Leaving out the pictures, return word for word the stretch of entries below from the line holding "LUFEEMGA panda head" through the line holding "Faye Camel Blazer".

**The data:**
══════════

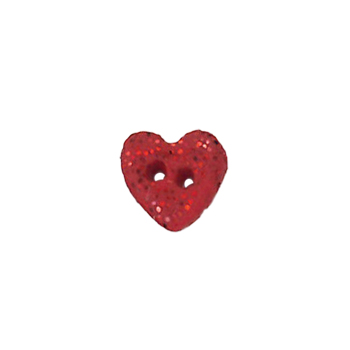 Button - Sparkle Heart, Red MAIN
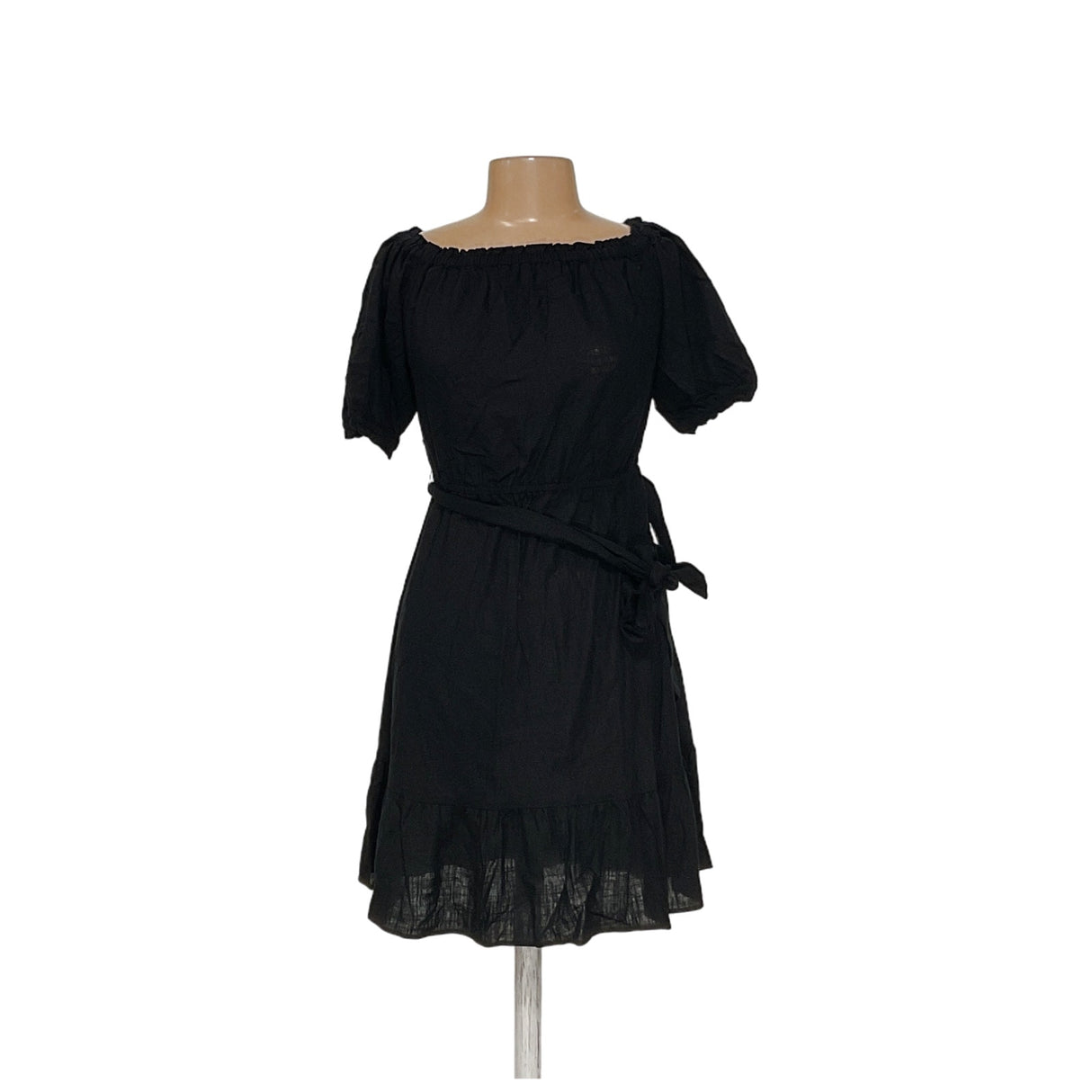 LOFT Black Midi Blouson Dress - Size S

══════════

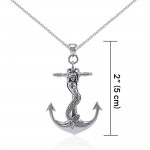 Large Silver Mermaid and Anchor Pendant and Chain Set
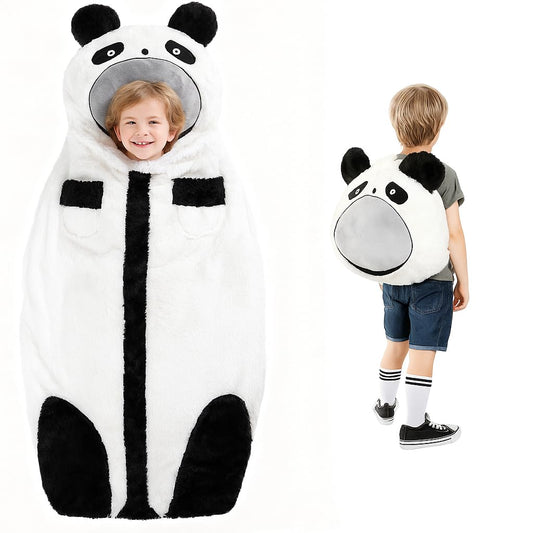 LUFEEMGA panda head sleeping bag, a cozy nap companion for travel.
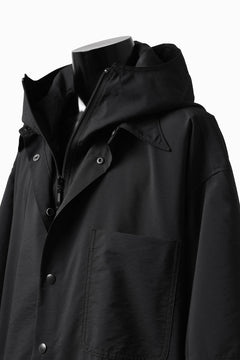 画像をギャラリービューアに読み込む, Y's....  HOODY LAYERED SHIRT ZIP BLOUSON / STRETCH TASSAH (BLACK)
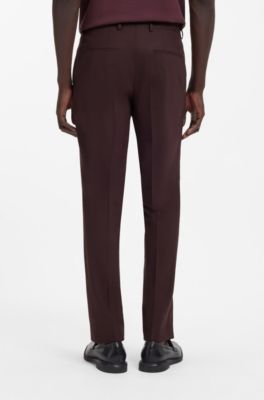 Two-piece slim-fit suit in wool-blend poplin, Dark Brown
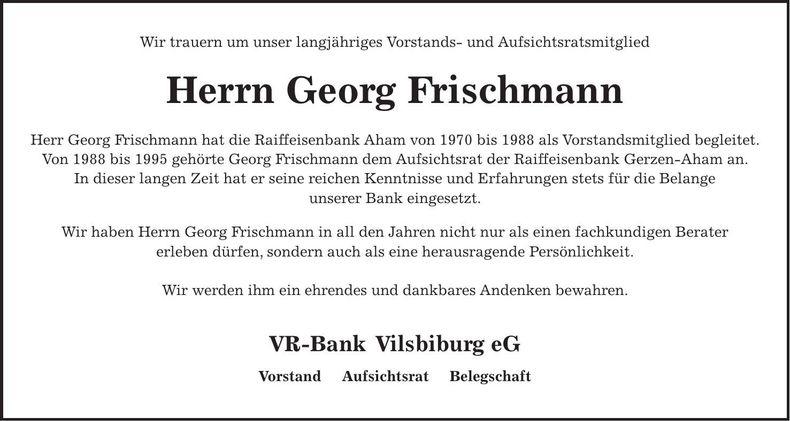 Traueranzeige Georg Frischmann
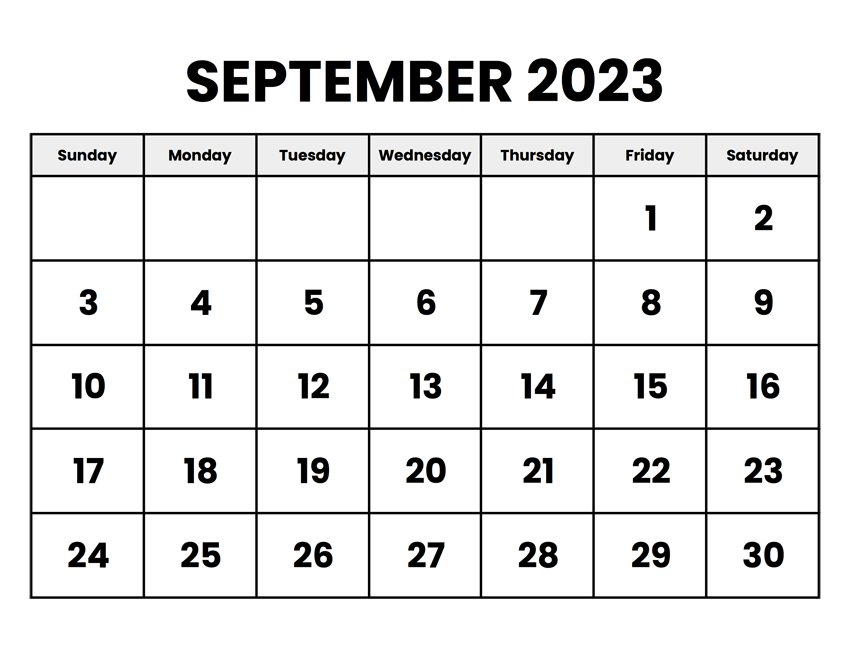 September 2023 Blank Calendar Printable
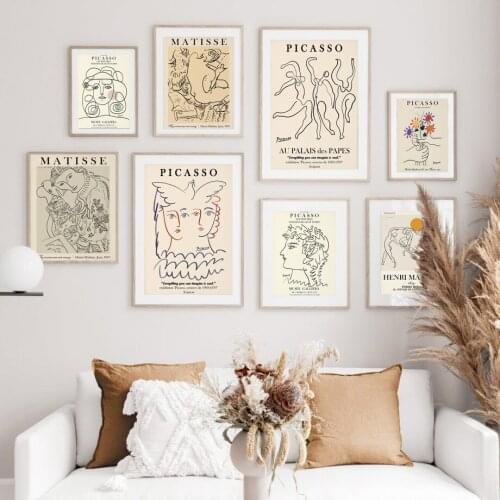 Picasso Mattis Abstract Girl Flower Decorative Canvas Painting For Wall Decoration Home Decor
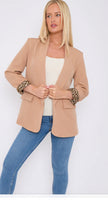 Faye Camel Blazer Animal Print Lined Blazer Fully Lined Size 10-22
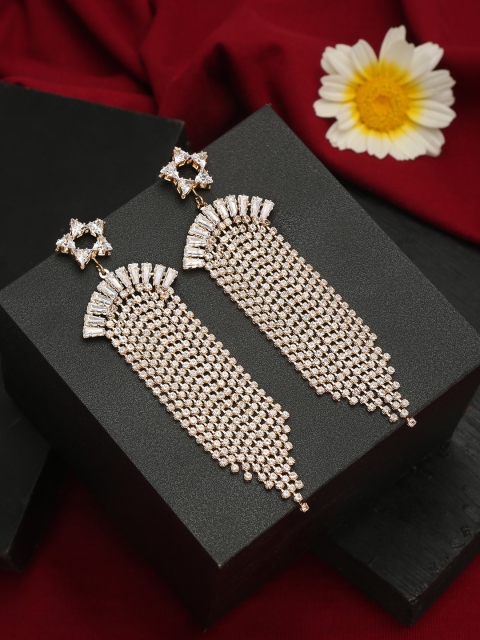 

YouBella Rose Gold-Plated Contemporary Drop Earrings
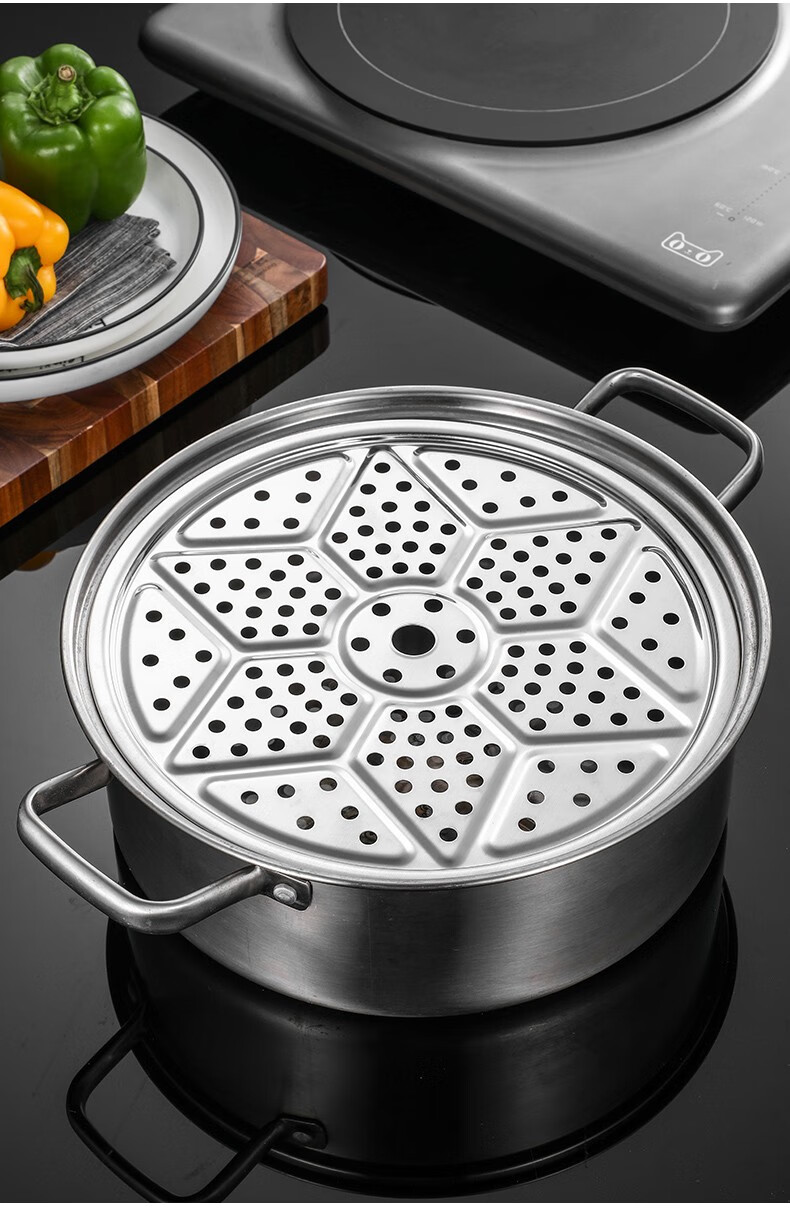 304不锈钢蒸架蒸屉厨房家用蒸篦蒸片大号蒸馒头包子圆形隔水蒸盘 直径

══════════

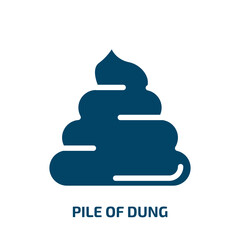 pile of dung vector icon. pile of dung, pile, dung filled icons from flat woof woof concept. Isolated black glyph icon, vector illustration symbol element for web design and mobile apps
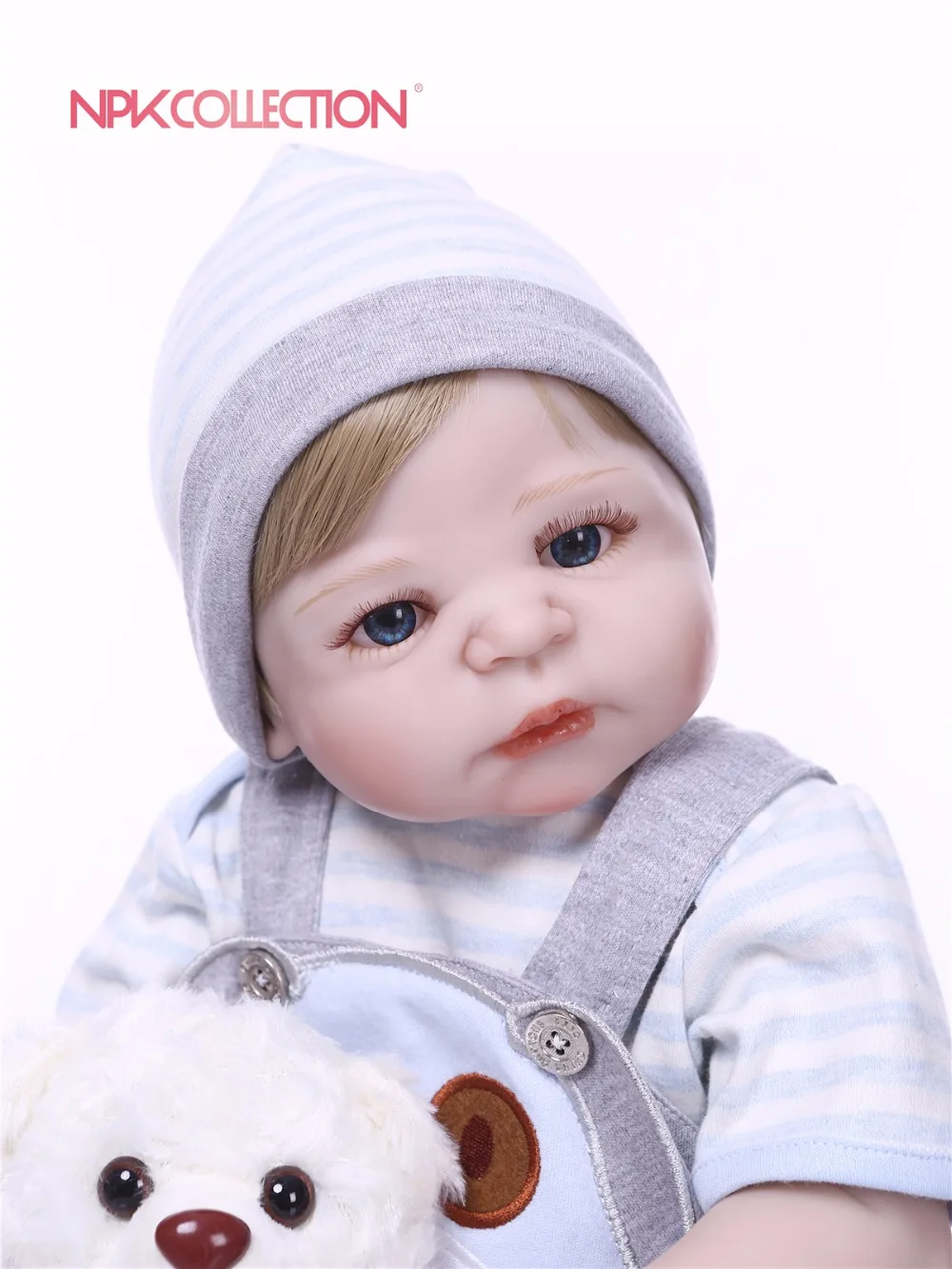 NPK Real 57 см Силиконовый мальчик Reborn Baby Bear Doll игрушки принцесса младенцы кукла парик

══════════

**Written solution:**
 LUFEEMGA panda head sleeping bag, a cozy nap companion for travel.
 画像をギャラリービューアに読み込む, Y's....  HOODY LAYERED SHIRT ZIP BLOUSON / STRETCH TASSAH (BLACK)
 Two-piece slim-fit suit in wool-blend poplin, Dark Brown
 Traueranzeige Georg Frischmann
 September 2023 Blank Calendar Printable
 Picasso Mattis Abstract Girl Flower Decorative Canvas Painting For Wall Decoration Home Decor
 Faye Camel Blazer Animal Print Lined Blazer Fully Lined Size 10-22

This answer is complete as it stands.